Durante anos, viveram sob a ameaça de perderem as casas na Praia de Faro e a maioria convenceu-se de que não aconteceria. Agora, há 116 construções consideradas ilegais na ilha para irem abaixo em 2015, mas muitos proprietários recusam sair.

Augusta Pudim é o rosto da desolação quando fala do que aí vem, quase dez anos após a aprovação do plano de demolições na Ria Formosa.

Tal como outra centena de pessoas com casas de segunda habitação ou anexos nos núcleos piscatórios da Praia de Faro, recebeu a última carta do programa Polis Ria Formosa, que intima os proprietários a desocuparem as casas até 05 de janeiro, mais um mês do que a data prevista inicialmente.

"A mágoa é muita. É uma vida de trabalho e uma vida de tudo, estão a querer tirar-me isso, a mim e aos meus", diz à Lusa a mariscadora, de 59 anos, que passa a maior parte do ano na casa que tem na zona nascente da ilha, de onde só sai "no rigor do inverno" e de onde promete não retirar "coisíssima nenhuma".

Apesar de não usar a casa como apoio à atividade profissional, como Augusta, José Teixeira, com casa de férias comprada por 30 mil euros, há 15 anos, na zona poente - a mais afetada, com 73 construções sinalizadas -, também se recusa a retirar os bens e acusa a sociedade Polis de agir de forma abusiva.

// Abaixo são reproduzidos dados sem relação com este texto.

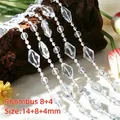 Transparent acrylic diamond bead chain for wedding DIY decor 14+8+4mm - Rhombus 8+4 Style / 250g Pack (Approx. 9m) / Clear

"Esta operação não tem base sustentável de legalidade absoluta porque devia ter sido decidida em Assembleia Municipal e não foi", refere, defendendo que se o Estado quer avançar com as demolições deve indemnizar as pessoas, porque foi "esse mesmo Estado" que permitiu que os proprietários tivessem água, eletricidade e pagassem impostos à autarquia.

José Teixeira integra um grupo de 40 proprietários, dos extremos poente e nascente, que estão a preparar uma ação judicial para tentar travar o processo e impedir a posse administrativa das edificações, marcada para 07 de janeiro, entre as 10:00 e as 17:00.

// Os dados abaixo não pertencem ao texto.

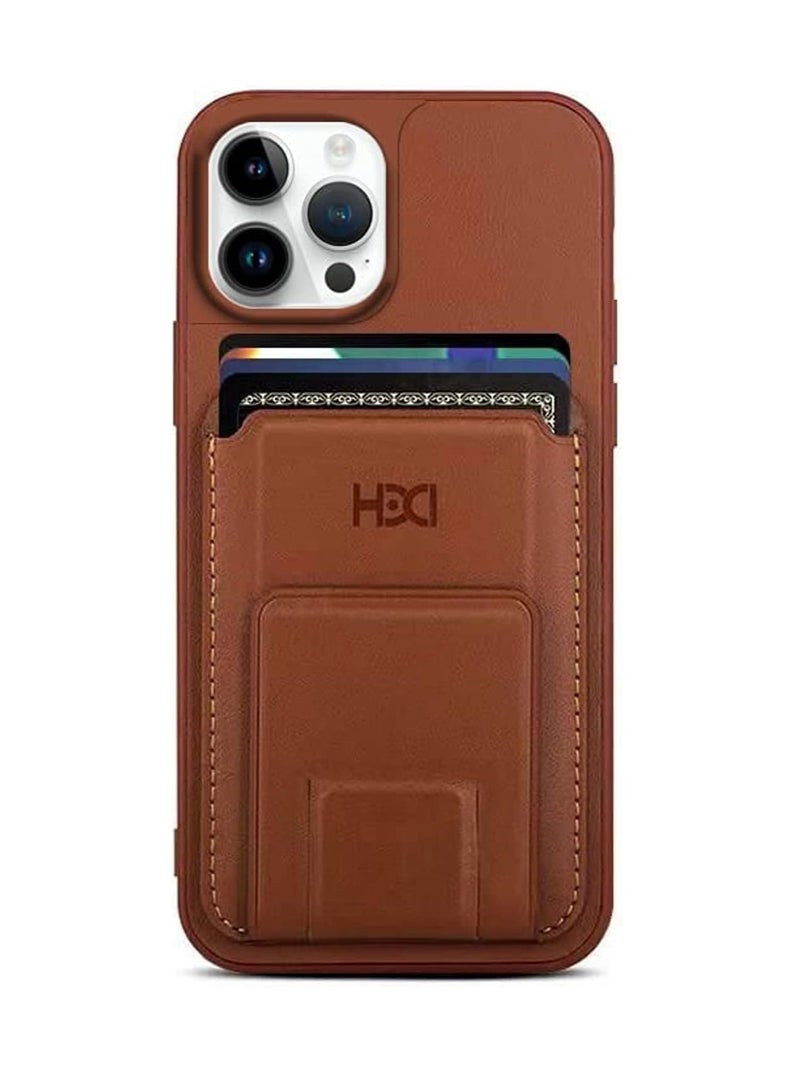 HBC Leather Back Case With a wallet to insert cards and use it as a mobile stand Compatible with iphone 15 Pro Max 6.7 inch - Brown - Image 1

Contudo, segundo a carta enviada pela sociedade Polis Litoral Ria Formosa a 18 de novembro, a que a Lusa teve acesso, se terminar o prazo fixado sem que a decisão tenha sido "voluntariamente acatada" pelos proprietários, os custos da demolição "correrão por conta do interessado".

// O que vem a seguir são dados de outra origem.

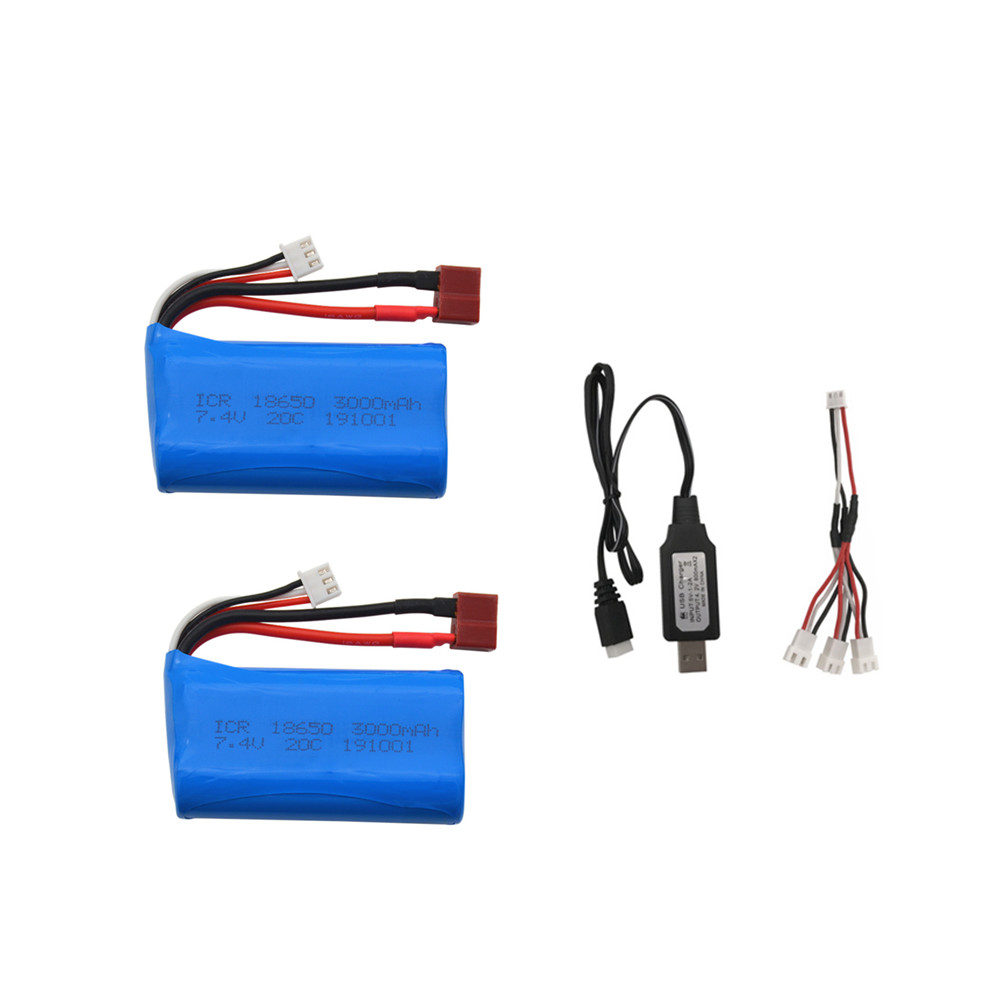 Batería lipo de 7,4 V, 3000mAh, 20c, para Q46, Wltoys 10428 /12428/12423, piezas de repuesto para coche RC, 2s, 7,4 v, 18650, batería y cargador para juguete RC: Oro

Numa primeira fase, a Polis prevê demolir 800 construções ilegais nos ilhotes e ilhas-barreira da Ria Formosa, entre casas de segunda habitação e anexos de apoio à pesca. Numa segunda fase, serão as casas de primeira habitação na Praia de Faro a ir abaixo, mas só com realojamento garantido.

De fora ficam, por enquanto, as casas situadas na faixa central, território desafetado do Domínio Público Marítimo e concessionado à autarquia.

Para José Teixeira, é "uma grande injustiça" manter umas casas e derrubar outras, até porque quando o mar galga de um lado ao outro da ilha é sobretudo na zona central e não nos extremos. A fragilidade do cordão dunar, acrescenta, foi acelerada pela construção do molhe da marina de Vilamoura, que dificulta a passagem natural de areias.

João Barreto, reformado emigrado em França que comprou casa a um pescador há 32 anos, na zona poente, também se recusa a retirar os bens e pretende lutar até ao fim contra as demolições, até porque, refere, os critérios não estão bem fundamentados e há "erros grosseiros" na avaliação dos casos.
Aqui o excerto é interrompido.